Document Detail

GD1b-derived gangliosides modulate FcεRI endocytosis in mast cells.
MedLine Citation:
PMID:  21411813     Owner:  NLM     Status:  MEDLINE    
The role of the mast cell-specific gangliosides in the modulation of the endocytic pathway of FcεRI was investigated in RBL-2H3 cells and in the ganglioside-deficient cell lines, E5 and D1. MAb BC4, which binds to the α subunit of FcεRI, was used in the analysis of receptor internalization. After incubation with BC4-FITC for 30 min, endocytic vesicles in RBL-2H3 and E5 cells were dispersed in the cytoplasm.
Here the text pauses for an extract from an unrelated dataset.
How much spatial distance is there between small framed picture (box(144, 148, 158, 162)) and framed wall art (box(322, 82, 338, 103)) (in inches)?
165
After 1 hr, the endocytic vesicles of the RBL-2H3 cells had fused and formed clusters, whereas in the E5 cells, the fusion was slower. In contrast, in D1 cells, the endocytic vesicles were smaller and remained close to the plasma membrane even after 3 hr of incubation. When incubated with BC4-FITC and subsequently imunolabeled for markers of various endocytic compartments, a defect in the endocytic pathway in the E5 and D1 cells became evident. In the D1 cells, this defect was observed at the initial steps of endocytosis. Therefore, the ganglioside derivatives from GD1b are important in the endocytosis of FcεRI in mast cells. Because gangliosides may play a role in mast cell-related disease processes, they provide an attractive target for drug therapy and diagnosis.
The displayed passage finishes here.